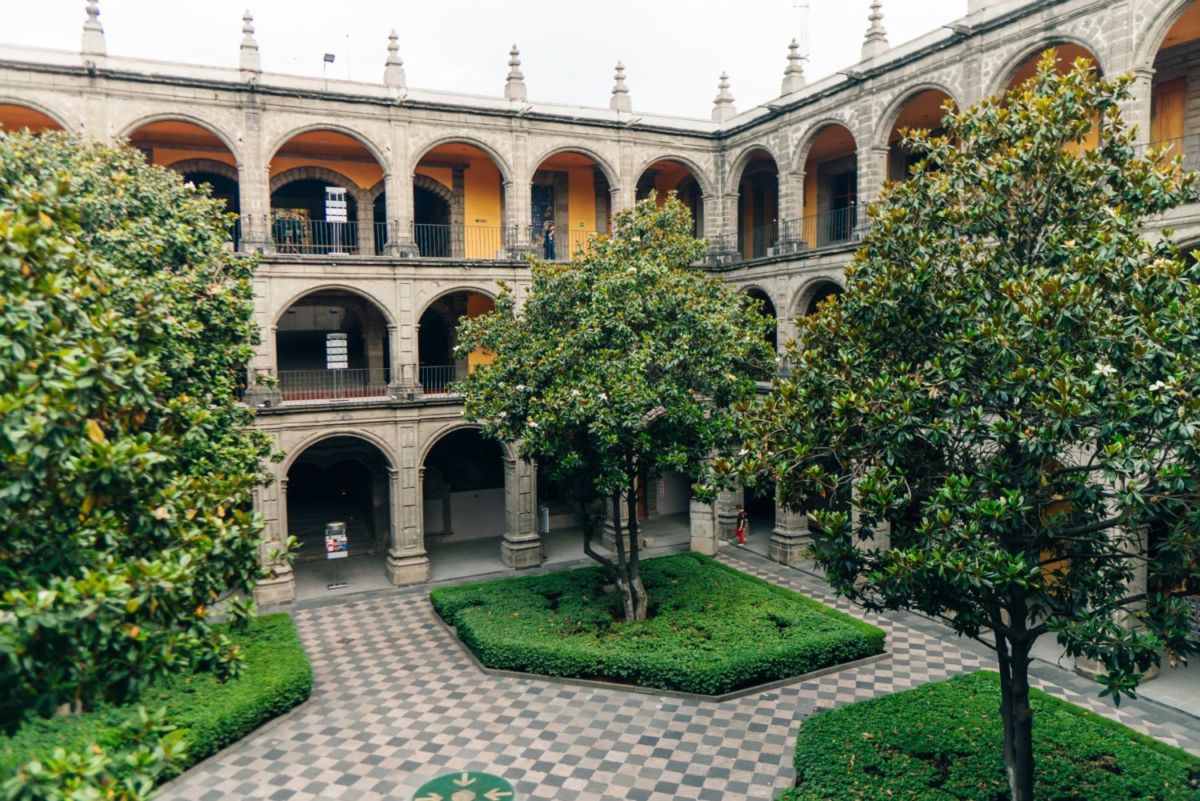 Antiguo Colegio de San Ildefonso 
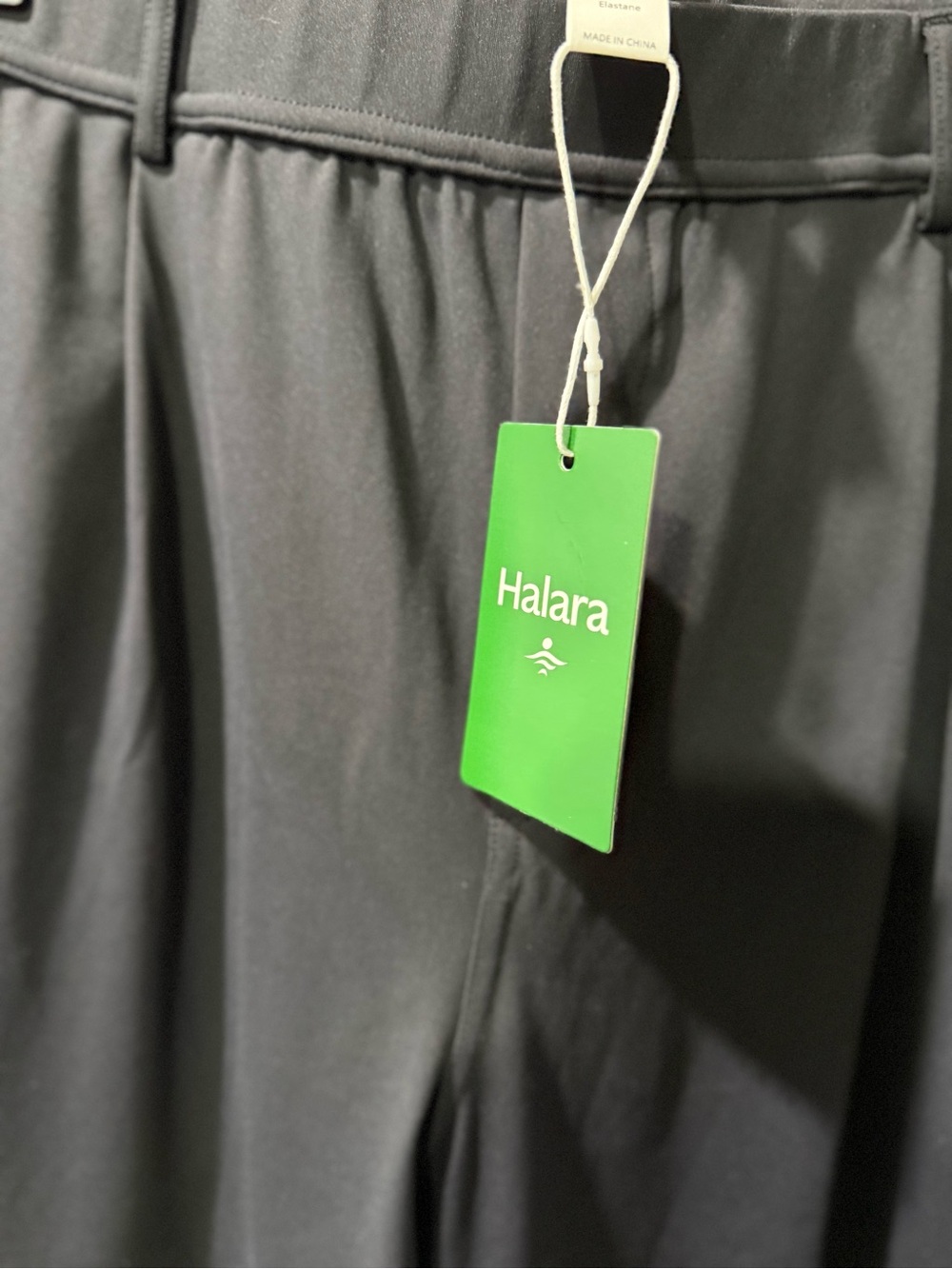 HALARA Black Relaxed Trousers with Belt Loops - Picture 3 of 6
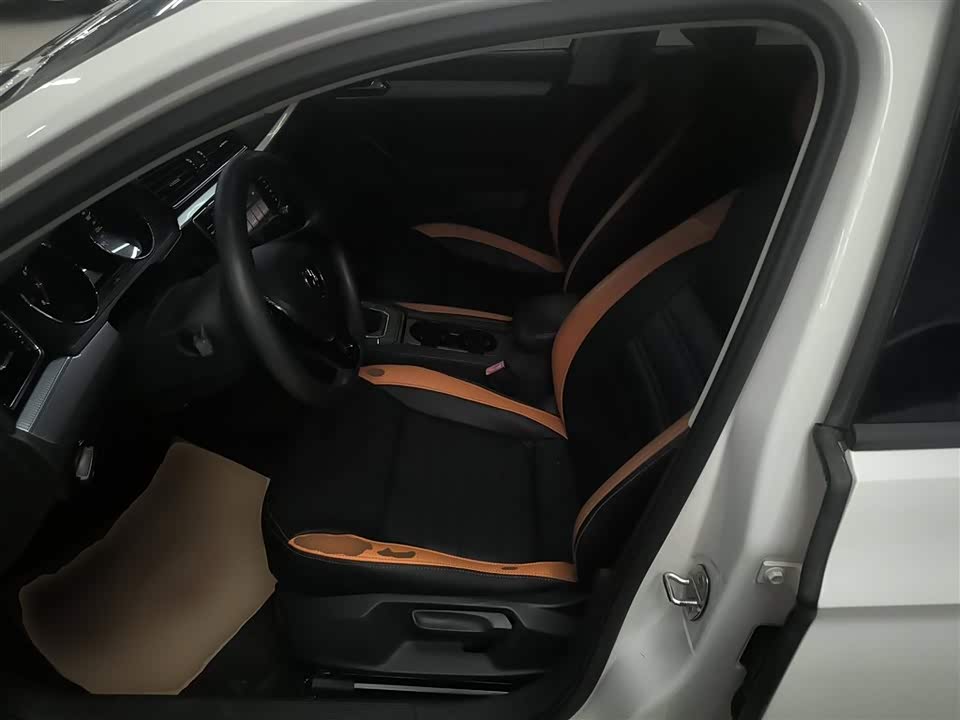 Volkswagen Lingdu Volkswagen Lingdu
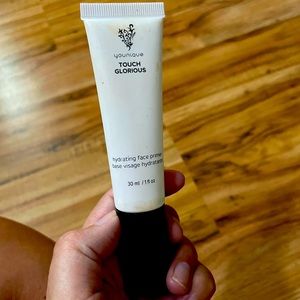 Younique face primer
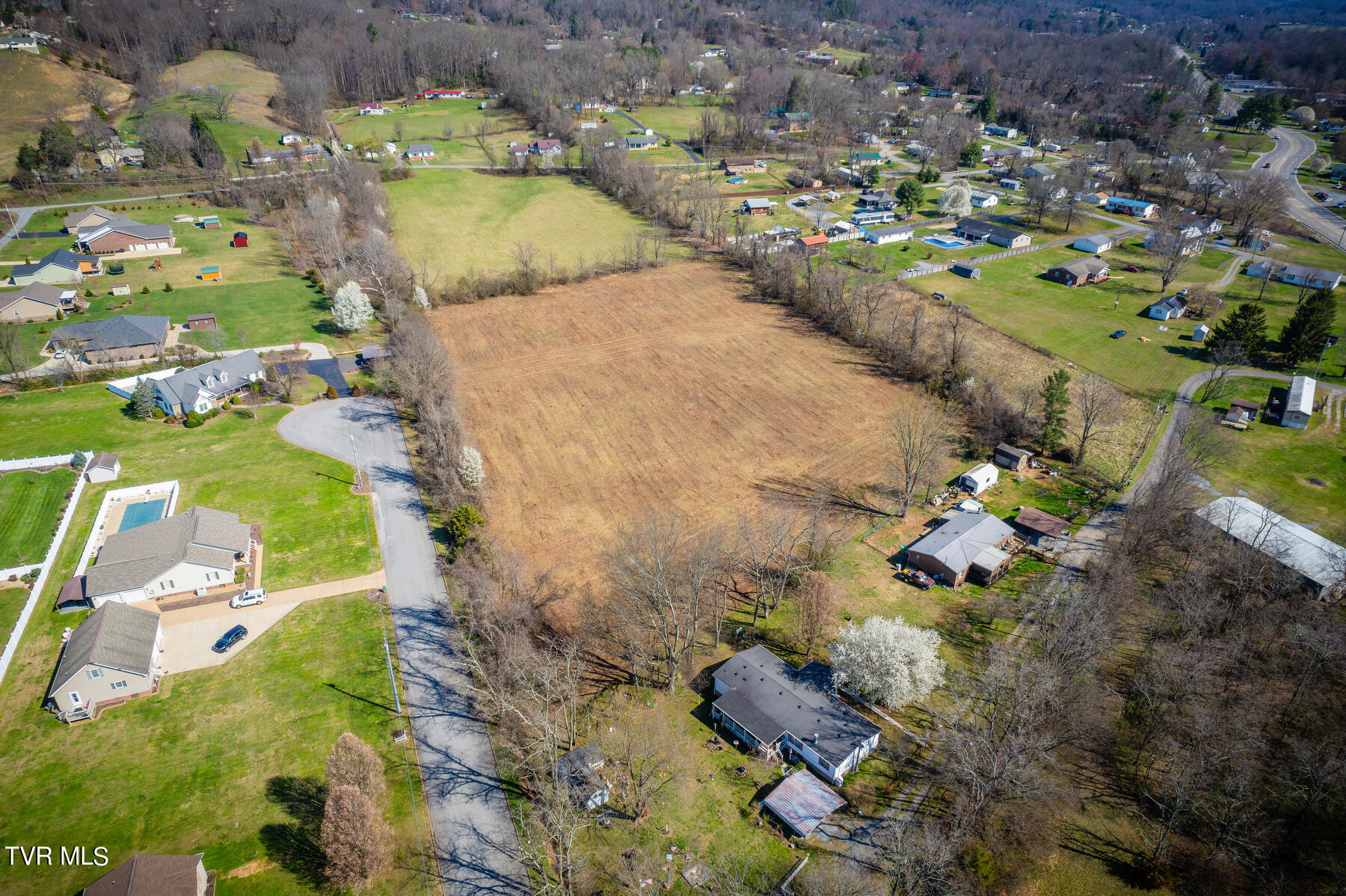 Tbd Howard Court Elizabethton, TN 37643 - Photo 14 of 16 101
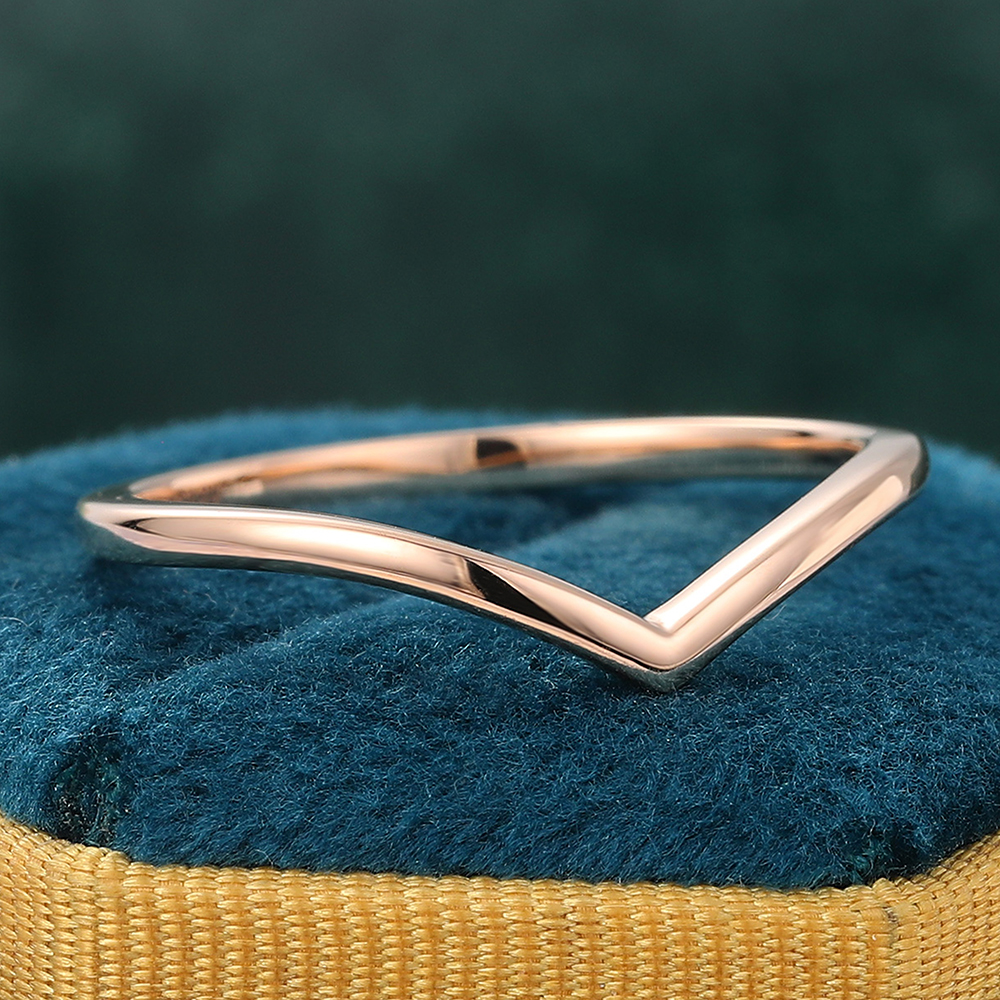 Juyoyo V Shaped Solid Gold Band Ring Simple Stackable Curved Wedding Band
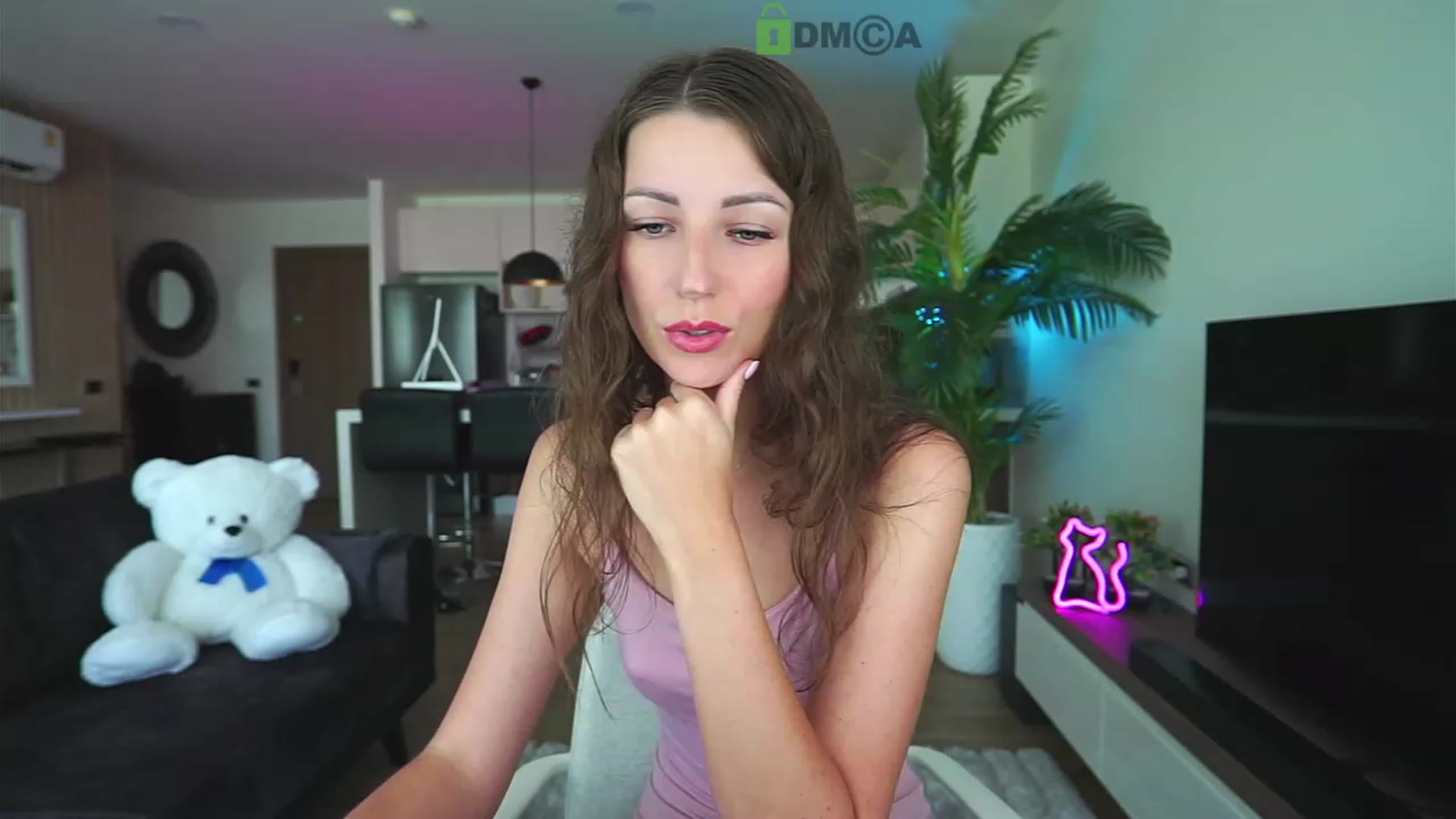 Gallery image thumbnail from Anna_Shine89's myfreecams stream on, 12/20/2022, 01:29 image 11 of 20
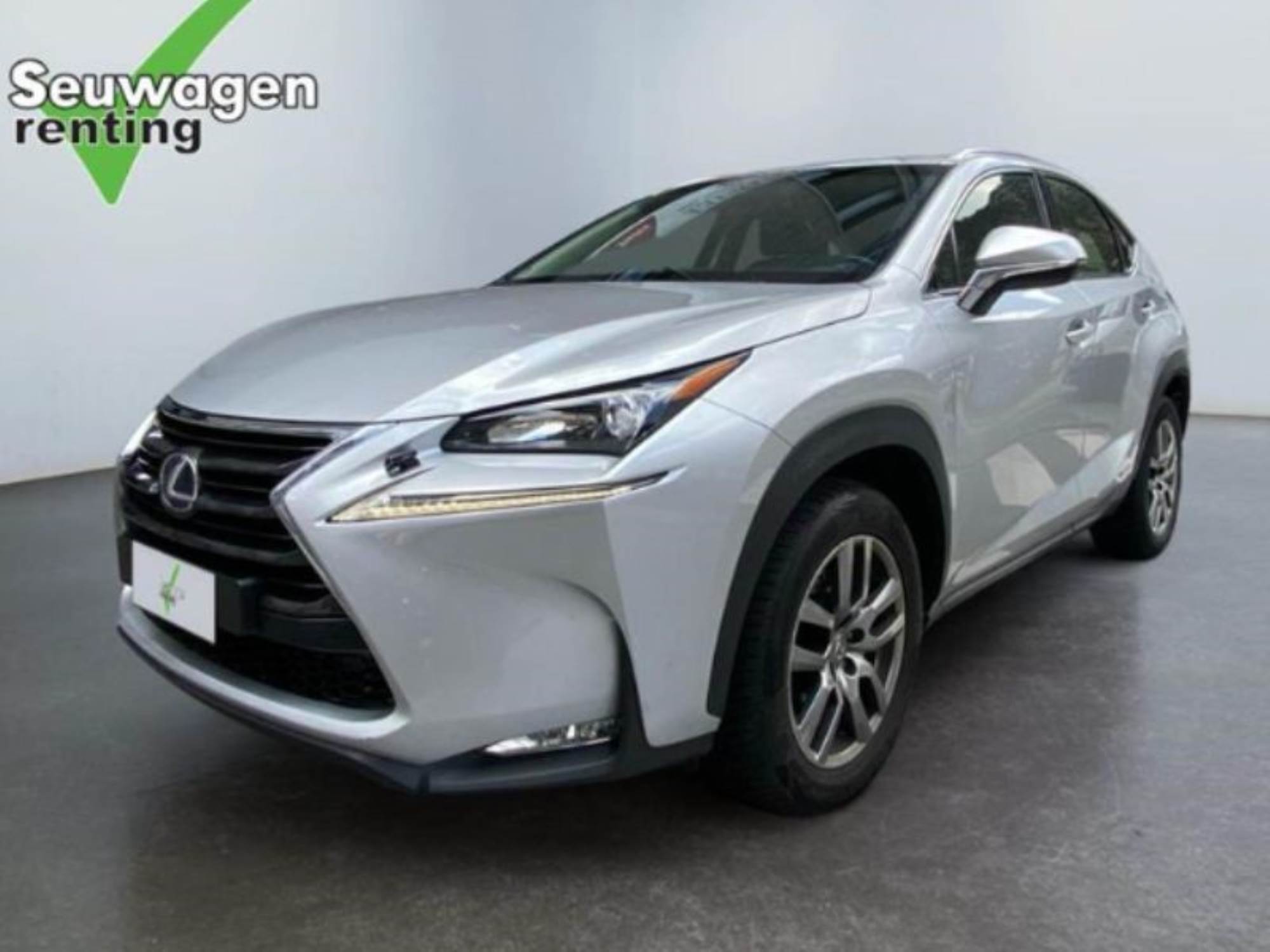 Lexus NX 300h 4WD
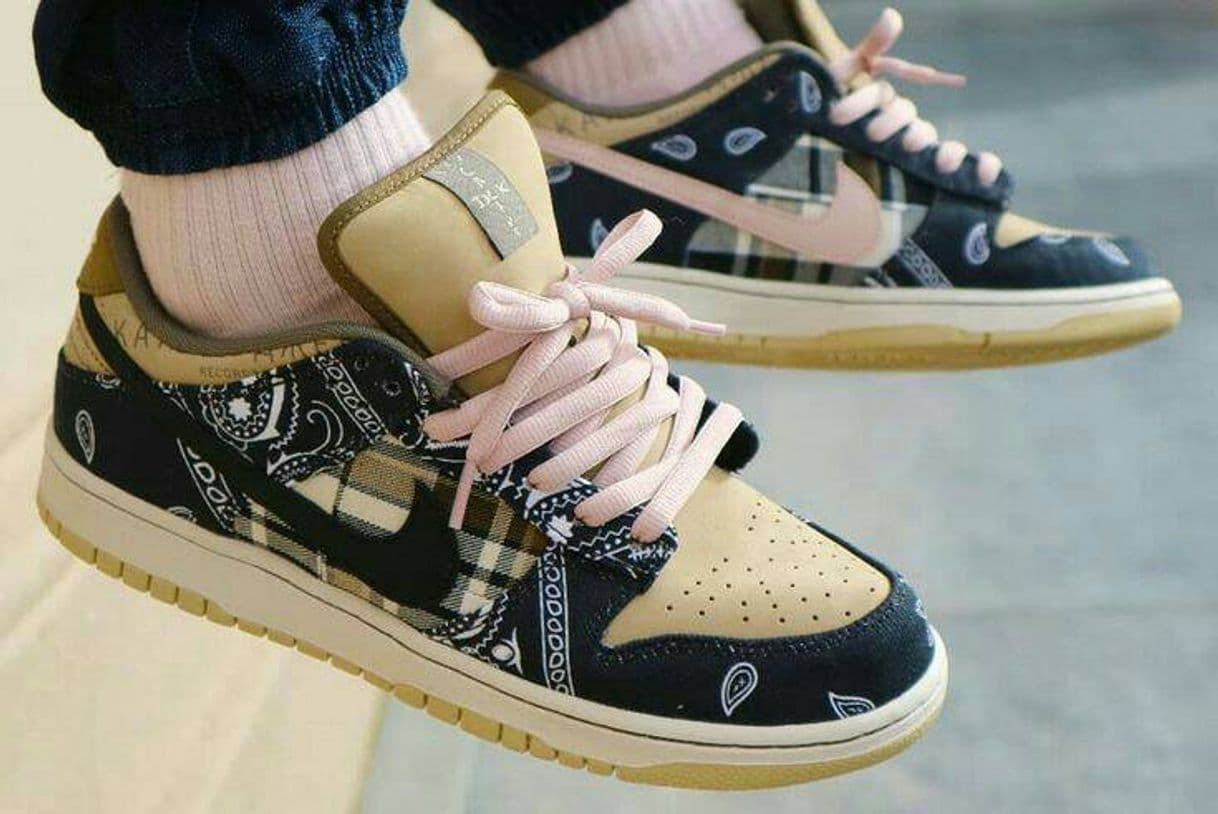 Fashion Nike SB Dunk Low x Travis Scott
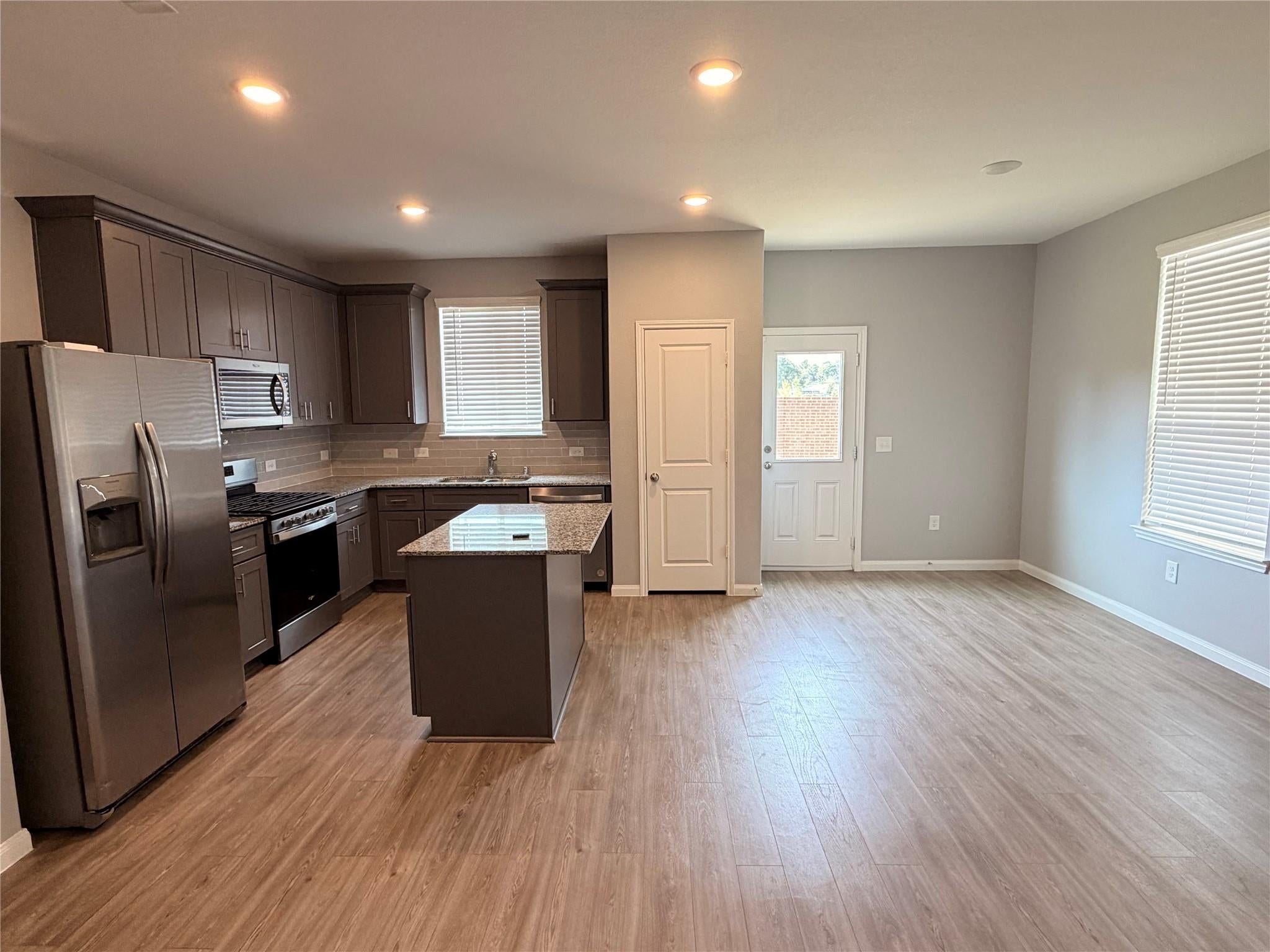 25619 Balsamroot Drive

# # # # # # #

Task details
Please output an exact repetition of the lines from the line containing "Tbd Howard Court" to the end of the records, both included, with no pictures and no additional text.

Solution for this exercise
 Tbd Howard Court Elizabethton, TN 37643 - Photo 14 of 16 101
 Juyoyo V Shaped Solid Gold Band Ring Simple Stackable Curved Wedding Band
 Gallery image thumbnail from Anna_Shine89's myfreecams stream on, 12/20/2022, 01:29 image 11 of 20
 Lexus NX 300h 4WD
 Fashion Nike SB Dunk Low x Travis Scott
 25619 Balsamroot Drive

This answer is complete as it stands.